Cookie-topped blueberry mini pies
Prep time: 30 minutes
Cook time: 50 minutes
These warm blueberry desserts aren’t really pies, but don’t let convention stand in the way of enjoying them. A simple lemon-accented blueberry filling gets a cookie dough topper. The cookie bakes along with the filling, providing a perfect foil to the tart berries.
Taste the blueberries before you begin; if they are quite tart, you might want to use more than 1/4 cup of sugar for the filling.
You'll need four 8-ounce ramekins or mini tart pans. You can slice the dough into strips and make a lattice, cut a round like a top crust or use a cookie cutter to cut out a distinctive shape and top the filling with that. These are best served soon after they are baked.
Recipe from Stephanie Witt Sedgwick of The Washington Post.
1 pound fresh or frozen/defrosted blueberries
1 tablespoon cornstarch
1/4 cup sugar, plus more for sprinkling (optional; see note above)
Finely grated zest of 1 lemon plus 3 tablespoons fresh lemon juice
6 ounces homemade or store-bought sugar cookie dough, suitable for rolling
Combine the blueberries, cornstarch, the 1/4 cup of sugar, lemon juice and zest in a mixing bowl, stirring until the cornstarch dissolves.

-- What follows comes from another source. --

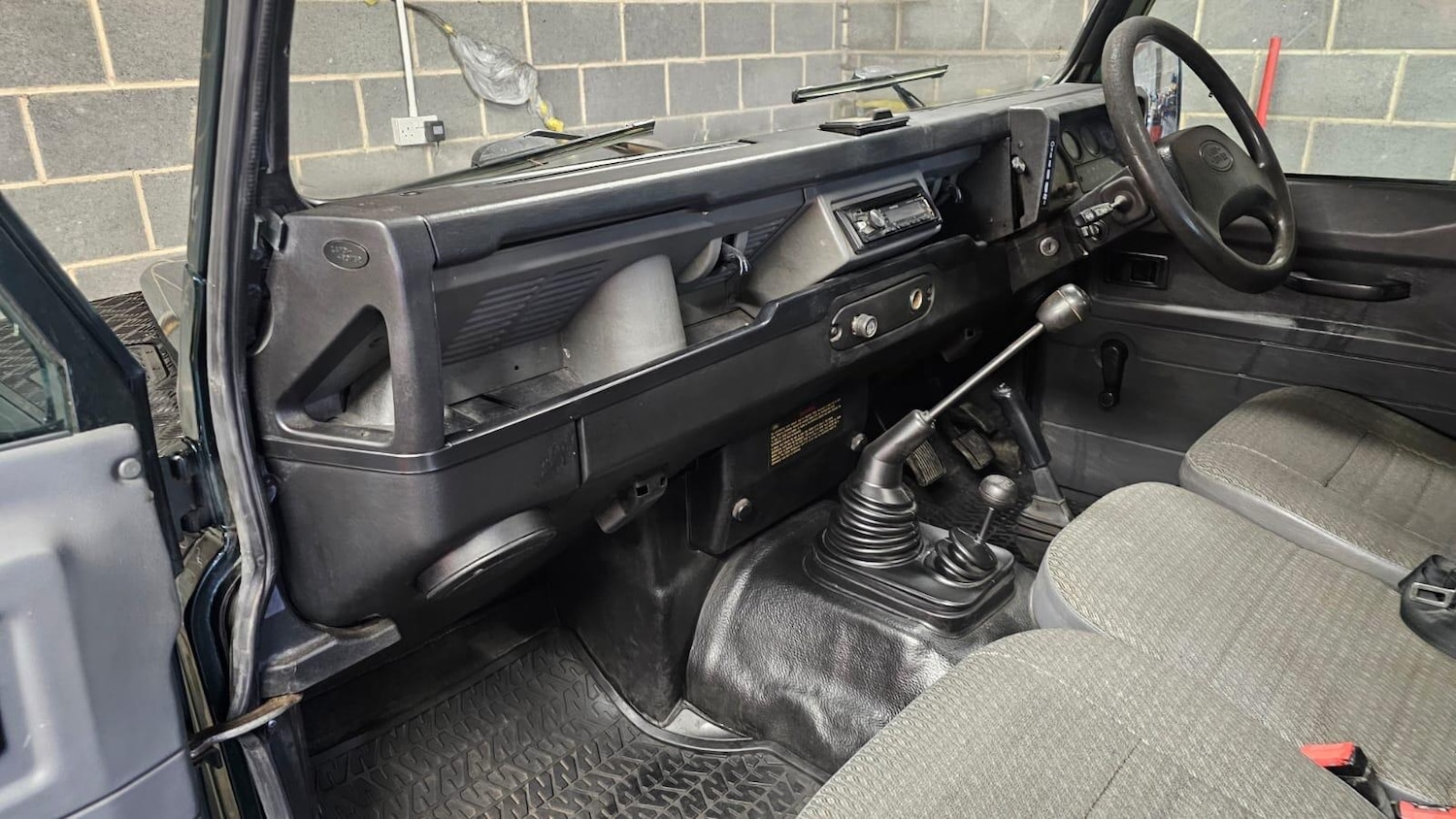 Used Land Rover Defender 1998 for sale - 76935772: Photo 23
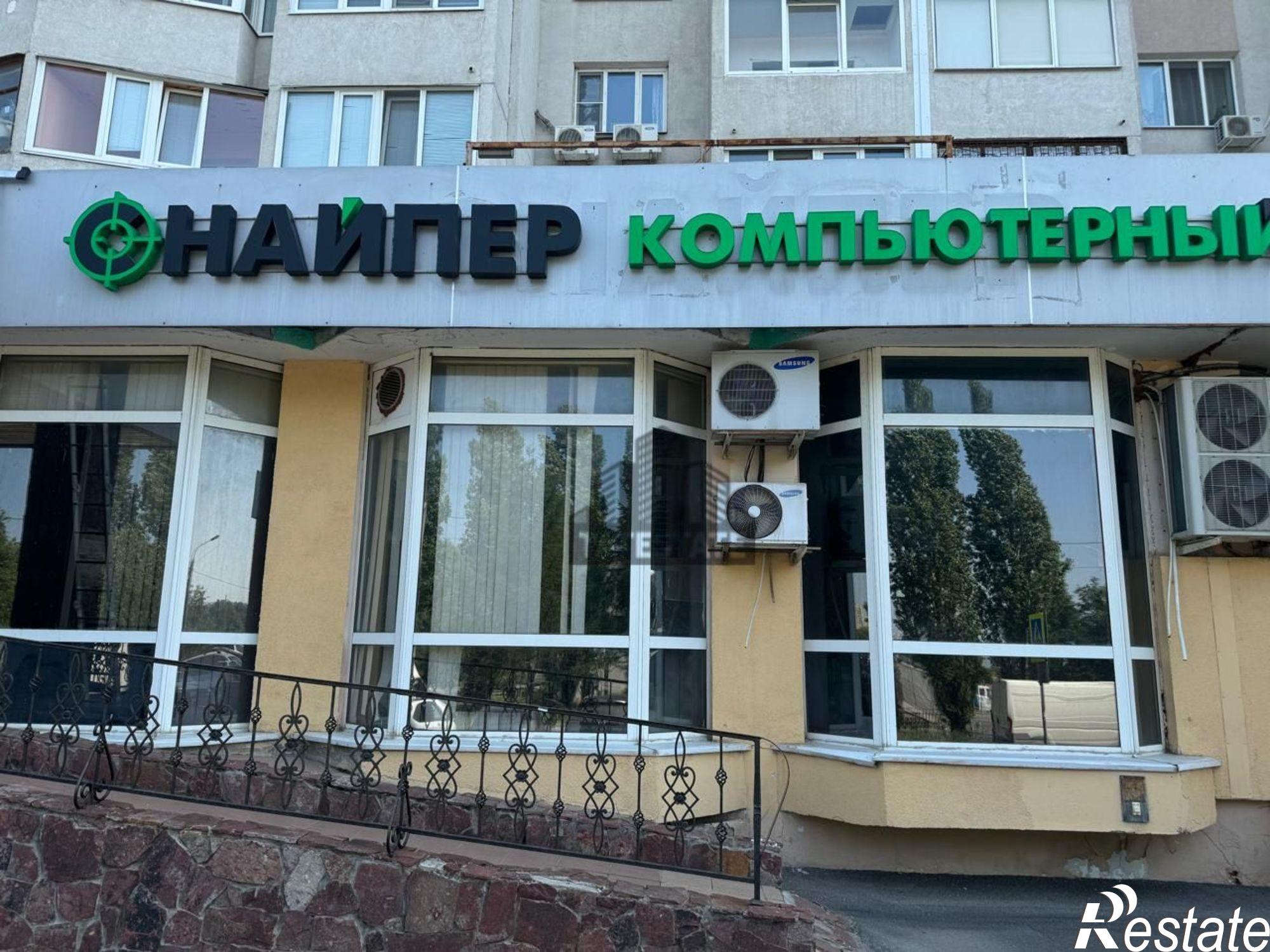 Сдать торговое помещение за 180 000 рублей на проспект Победы, 78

Let the filling mixture rest for 15 minutes.
Preheat the oven to 350 degrees. Line a rimmed baking sheet with heavy-duty aluminum foil. Arrange four 8-ounce or similar-size ramekins on the baking sheet.
Divide the rested filling mixture plus any accumulated juices evenly among the ramekins or mini tart pans.
Roll out the cookie dough to a thickness of a generous 1/4 inch; cut it into the desired shapes or strips. Top each pie with a cut-out cookie or with strips of the dough arranged to form a lattice. If desired, brush the tops lightly with water and sprinkle with sugar.
Bake for about 50 minutes or until the filling is bubbly and the cookie tops are lightly browned.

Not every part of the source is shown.